Given data:

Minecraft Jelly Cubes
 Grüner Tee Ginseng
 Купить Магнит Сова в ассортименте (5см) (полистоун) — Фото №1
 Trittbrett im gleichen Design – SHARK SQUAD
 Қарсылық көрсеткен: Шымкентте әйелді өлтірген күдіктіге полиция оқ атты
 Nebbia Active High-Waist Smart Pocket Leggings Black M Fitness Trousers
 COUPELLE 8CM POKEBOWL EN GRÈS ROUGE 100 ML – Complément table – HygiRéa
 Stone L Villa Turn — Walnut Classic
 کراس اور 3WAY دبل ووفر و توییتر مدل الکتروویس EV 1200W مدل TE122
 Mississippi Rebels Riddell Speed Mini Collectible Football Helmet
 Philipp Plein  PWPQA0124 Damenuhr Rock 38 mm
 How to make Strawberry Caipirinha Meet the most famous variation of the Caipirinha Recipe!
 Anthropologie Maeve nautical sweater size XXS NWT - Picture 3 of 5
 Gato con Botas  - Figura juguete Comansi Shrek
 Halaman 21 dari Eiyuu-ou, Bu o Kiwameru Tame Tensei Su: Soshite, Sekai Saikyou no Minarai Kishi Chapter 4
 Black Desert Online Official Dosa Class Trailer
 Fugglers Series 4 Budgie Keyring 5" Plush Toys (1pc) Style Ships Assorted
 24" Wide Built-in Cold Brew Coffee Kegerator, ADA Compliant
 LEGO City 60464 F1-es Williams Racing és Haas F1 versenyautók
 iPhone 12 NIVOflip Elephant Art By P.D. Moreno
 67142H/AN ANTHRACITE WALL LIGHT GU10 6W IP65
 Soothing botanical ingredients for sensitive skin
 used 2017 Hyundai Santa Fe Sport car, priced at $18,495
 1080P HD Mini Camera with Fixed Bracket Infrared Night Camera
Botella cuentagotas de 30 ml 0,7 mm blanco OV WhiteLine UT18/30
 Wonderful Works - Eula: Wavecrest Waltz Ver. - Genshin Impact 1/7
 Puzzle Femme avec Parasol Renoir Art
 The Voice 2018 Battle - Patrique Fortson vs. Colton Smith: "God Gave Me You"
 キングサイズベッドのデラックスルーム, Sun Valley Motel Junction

Exercise goal: What you return must match the records exactly, down to the last line.

Solution to the exercise:
Minecraft Jelly Cubes
 Grüner Tee Ginseng
 Купить Магнит Сова в ассортименте (5см) (полистоун) — Фото №1
 Trittbrett im gleichen Design – SHARK SQUAD
 Қарсылық көрсеткен: Шымкентте әйелді өлтірген күдіктіге полиция оқ атты
 Nebbia Active High-Waist Smart Pocket Leggings Black M Fitness Trousers
 COUPELLE 8CM POKEBOWL EN GRÈS ROUGE 100 ML – Complément table – HygiRéa
 Stone L Villa Turn — Walnut Classic
 کراس اور 3WAY دبل ووفر و توییتر مدل الکتروویس EV 1200W مدل TE122
 Mississippi Rebels Riddell Speed Mini Collectible Football Helmet
 Philipp Plein  PWPQA0124 Damenuhr Rock 38 mm
 How to make Strawberry Caipirinha Meet the most famous variation of the Caipirinha Recipe!
 Anthropologie Maeve nautical sweater size XXS NWT - Picture 3 of 5
 Gato con Botas  - Figura juguete Comansi Shrek
 Halaman 21 dari Eiyuu-ou, Bu o Kiwameru Tame Tensei Su: Soshite, Sekai Saikyou no Minarai Kishi Chapter 4
 Black Desert Online Official Dosa Class Trailer
 Fugglers Series 4 Budgie Keyring 5" Plush Toys (1pc) Style Ships Assorted
 24" Wide Built-in Cold Brew Coffee Kegerator, ADA Compliant
 LEGO City 60464 F1-es Williams Racing és Haas F1 versenyautók
 iPhone 12 NIVOflip Elephant Art By P.D. Moreno
 67142H/AN ANTHRACITE WALL LIGHT GU10 6W IP65
 Soothing botanical ingredients for sensitive skin
 used 2017 Hyundai Santa Fe Sport car, priced at $18,495
 1080P HD Mini Camera with Fixed Bracket Infrared Night Camera
Botella cuentagotas de 30 ml 0,7 mm blanco OV WhiteLine UT18/30
 Wonderful Works - Eula: Wavecrest Waltz Ver. - Genshin Impact 1/7
 Puzzle Femme avec Parasol Renoir Art
 The Voice 2018 Battle - Patrique Fortson vs. Colton Smith: "God Gave Me You"
 キングサイズベッドのデラックスルーム, Sun Valley Motel Junction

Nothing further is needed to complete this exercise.